MSJ開発中止、導入待ち続けたANA&JALはどうする? 日の丸ジェット挫折の代替は難しい判断か
JAL、ANAも発注し、導入を待ち続けたMSJこと「三菱スペース・ジェット」は、実用化することなく開発打ち切りとなりました。2社はこの機のかわりに、どのような新型旅客機を導入する可能性が考えられるのでしょうか。
MSJはローンチカスタマーであるANA、そしてJALも発注
2023年2月7日、三菱重工グループの三菱航空機が手掛けるジェット旅客機、MSJこと三菱スペースジェット(旧称:MRJ)の開発終了が正式に発表されました。日本初のジェット旅客機を製造するプロジェクトは、実用化することなく終わったわけです。

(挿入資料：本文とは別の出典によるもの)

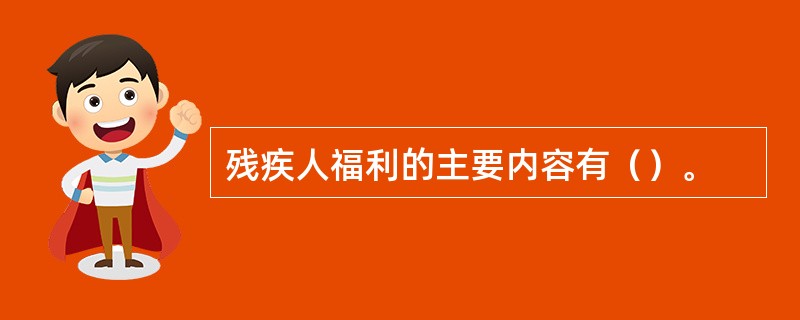 残疾人福利的主要内容有（）。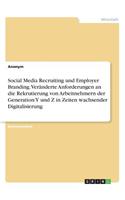 Social Media Recruiting und Employer Branding. Veränderte Anforderungen an die Rekrutierung von Arbeitnehmern der Generation Y und Z in Zeiten wachsender Digitalisierung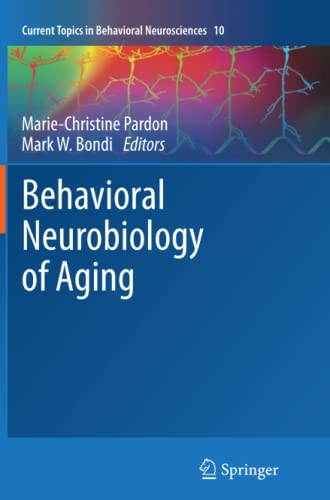 Behavioral Neurobiology of Aging (Current Topics in Behavioral Neurosciences, Band 10)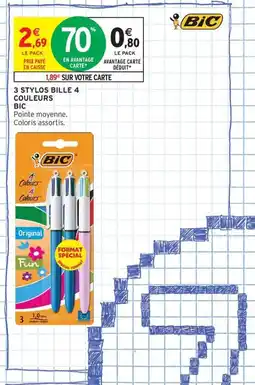 Intermarché Contact BIC 3 Stylos bille 4 couleurs offre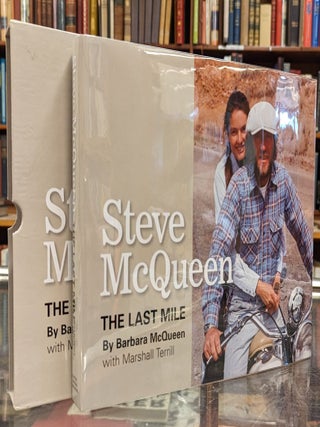 Item #105200 Steve McQueen: The Last Mile. Barbara McQueen, Marshall Terrill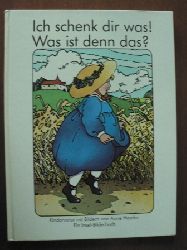 Anne Heseler (Illustr.)  Ich schenk dir was! Was ist denn das? Kinderverse 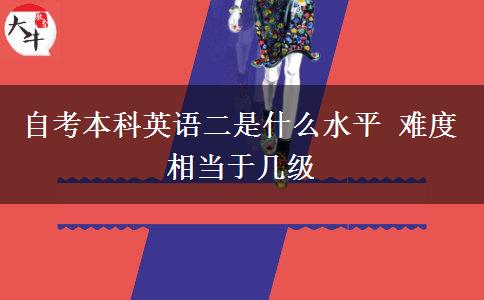 自考本科英语二是什么水平 难度相当于几级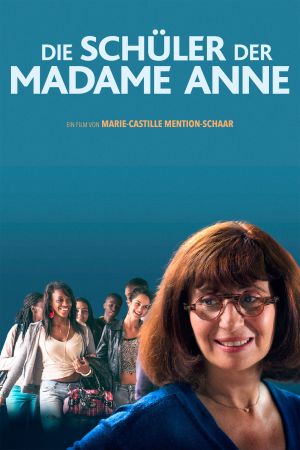 Image Die Schüler der Madame Anne – Der Film
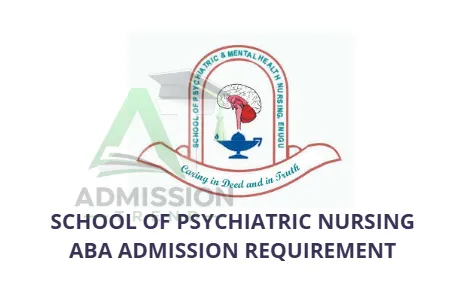 School of Psychiatric Nursing Aba Admission Requiremet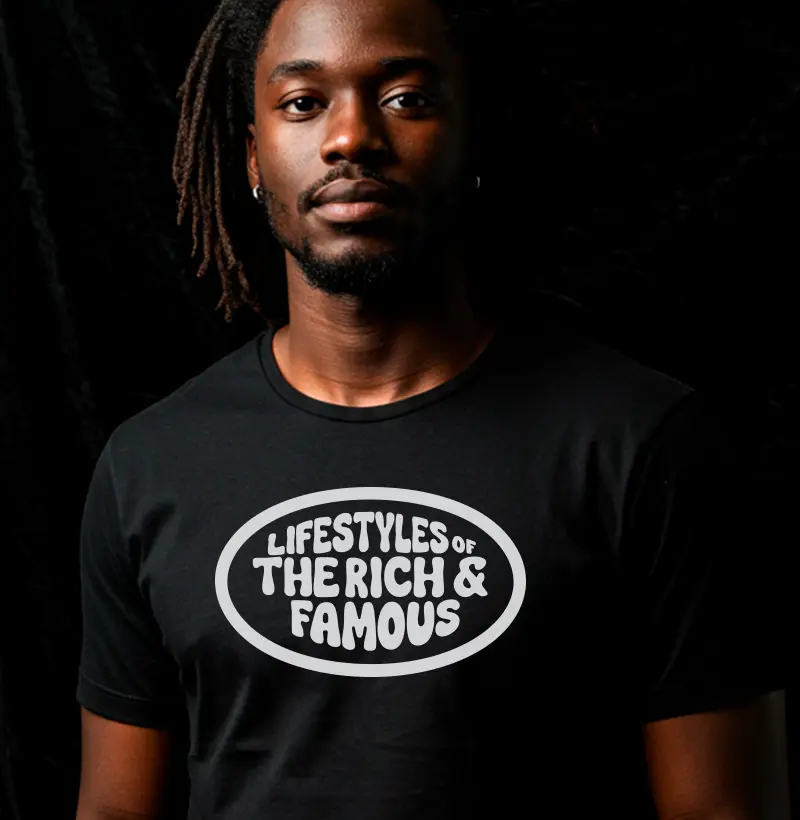Camiseta "Lifestyles of the Rich & Famous"
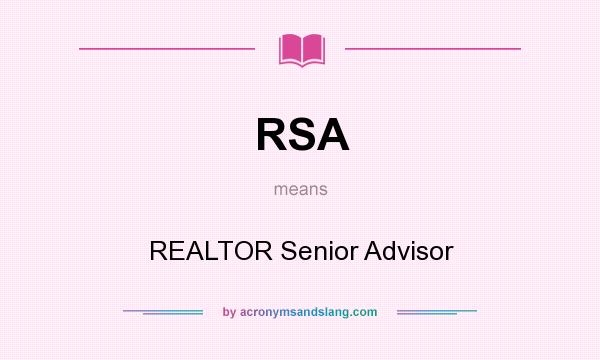 What does RSA mean? It stands for REALTOR Senior Advisor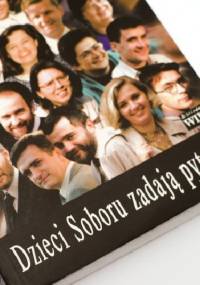 Dzieci Soboru zadają pytania - praca zbiorowa, Zbigniew Nosowski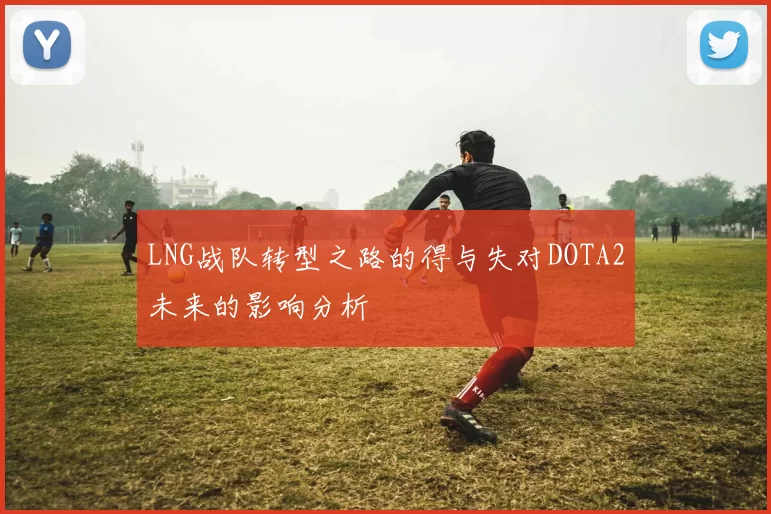 LNG战队转型之路的得与失对DOTA2未来的影响分析
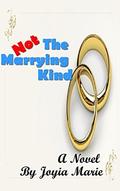 Not the Marrying Kind by Joyia Marie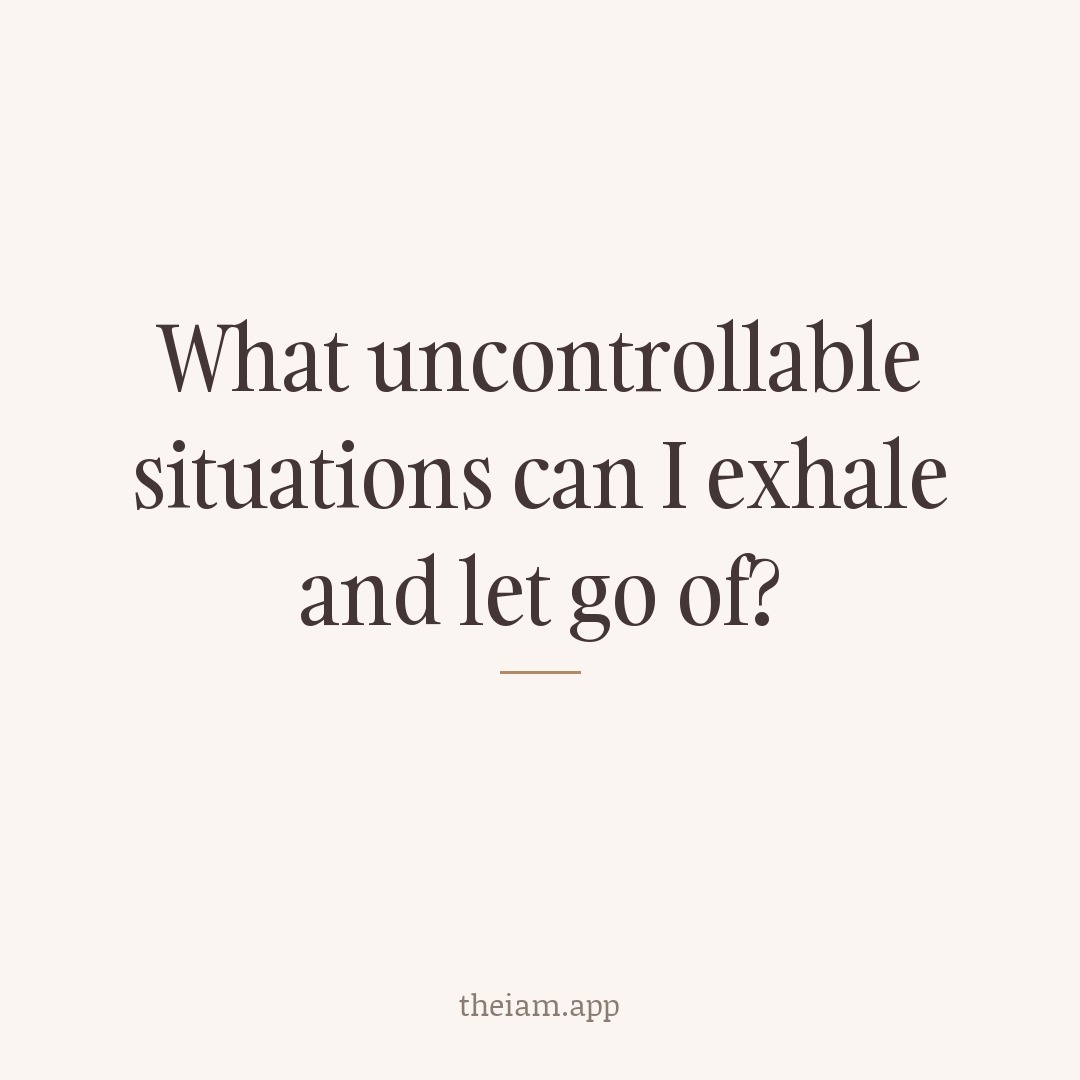 What uncontrollable situations can I exhale and let go of?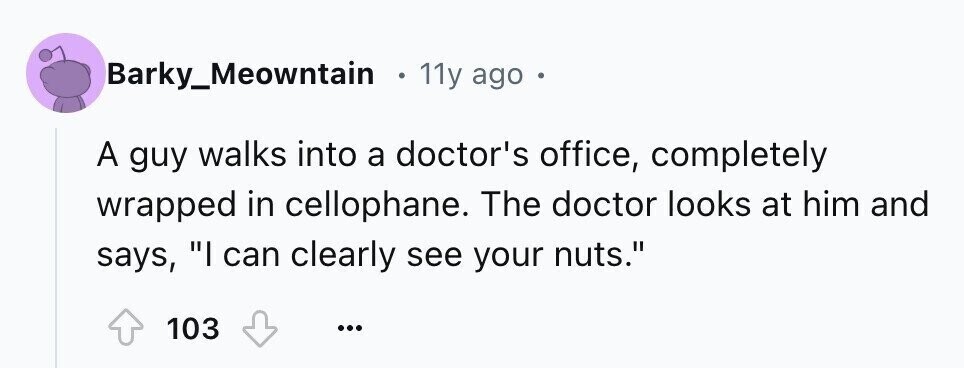 Barky_Meowntain o 11y ago . A guy walks into a doctor's office, completely wrapped in cellophane. The doctor looks at him and says, I can clearly see your nuts. 103 ...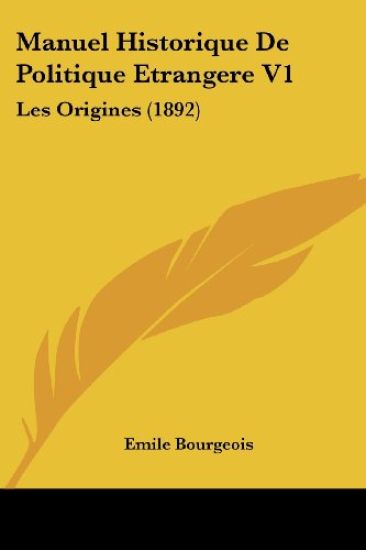 Manuel Historique De Politique Etrangere V1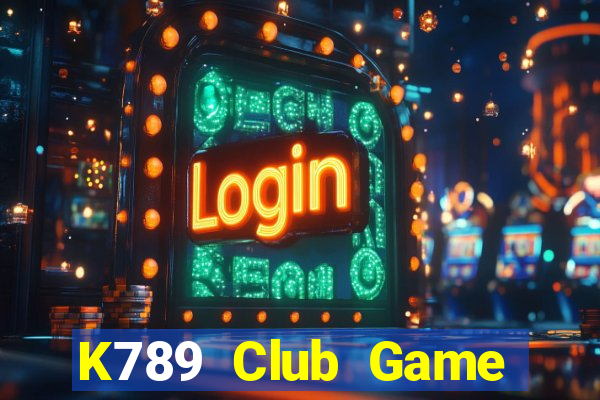 K789 Club Game Bài Tặng Tiền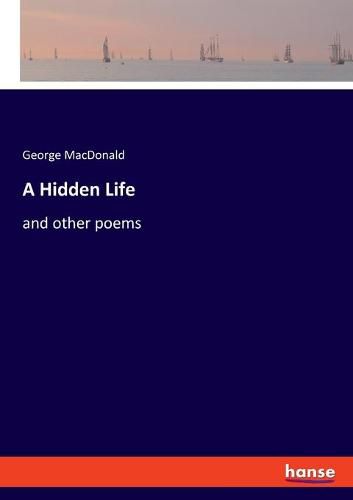 Cover image for A Hidden Life: and other poems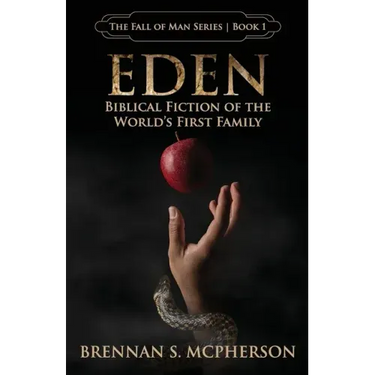 Eden: Biblical Fiction of the World's First Family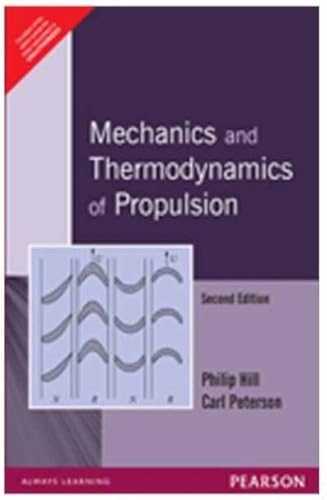 Mechanics and Thermodynamics of Propulsion (International Edition) Edition: Second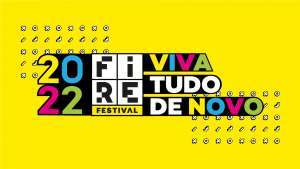 FIRE FESTIVAL 2022 – VIVA TUDO DE NOVO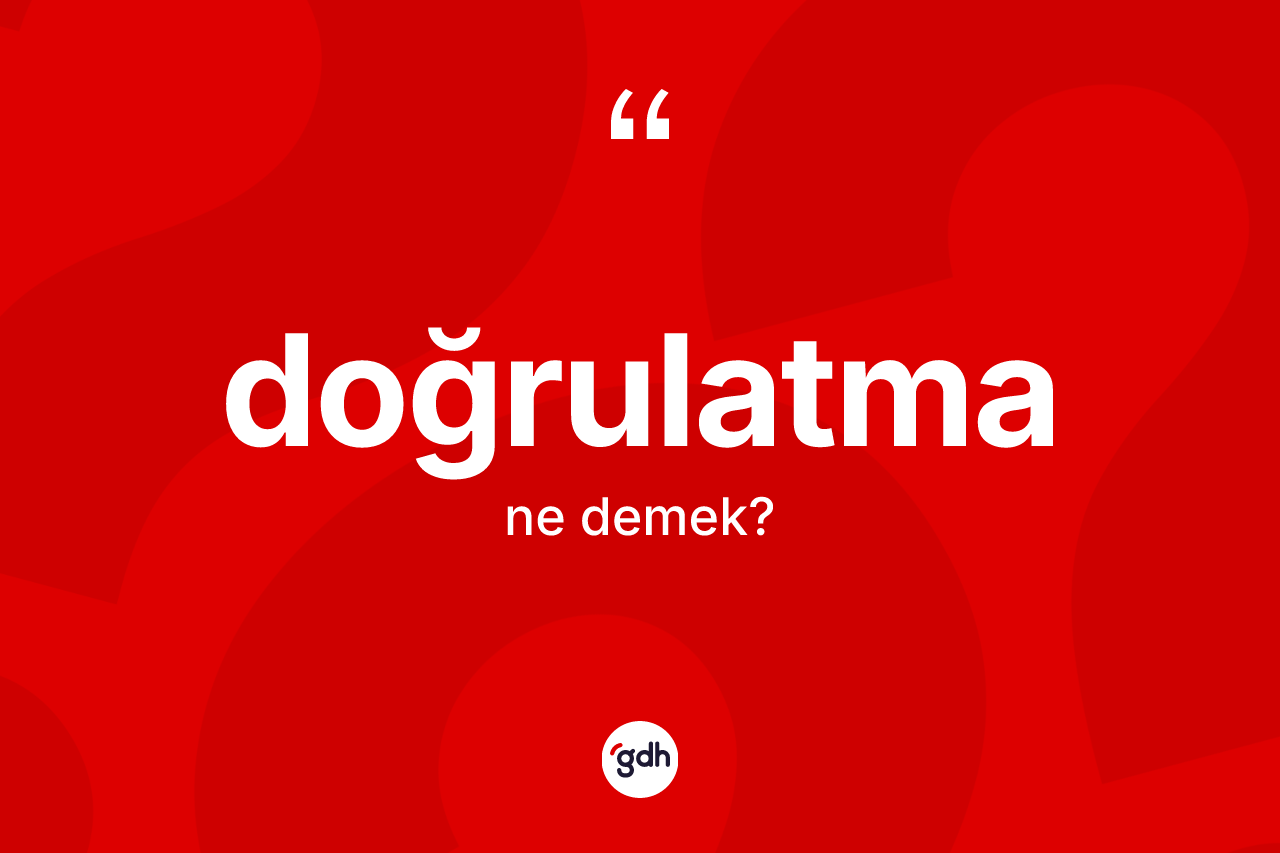 Doğrulatma kelimesinin anlamı nedir?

このMSJは日本の航空会社からも受注を獲得。この機の開発の後ろ盾となる初期発注者「ローンチカスタマー」のANA(全日空)グループだけでなく、JAL(日本航空)グループへの納入も待たれていました。三菱重工の泉澤清次社長は今後について「引き続き丁寧にお話を進めていきます」としていますが、2社はそれぞれ、次世代旅客機の納入計画が破綻してしまったのです。この穴埋めには、どのような方法が考えられるのでしょうか。
JALでは2023年現在、MSJと同じカテゴリに入る、100席以下の地方間輸送むけジェット旅客機「リージョナル・ジェット」として、ブラジル・エンブラエルの「E-Jet」シリーズ、「E170」「E190」を使用しています。
MSJは2020年時点で、すでに6度の納入延期をしたのち開発を一時停止しました。このあいだにエンブラエルは、派生型である「E-Jet E2」シリーズを実用化させ、2018年にデビューさせています。
そのため、もし88席を標準とするMSJと同クラスのサイズ感をもつ機体が必要であれば、それより少し大きいものの、最大90~146席となるE-Jet E2シリーズの導入で、十分にその役割を果たすことができるという見立てが有力です。
その一方で、より大きな方向転換を求められるのが、ANAです。同社はエンブラエル機の導入実績がありません。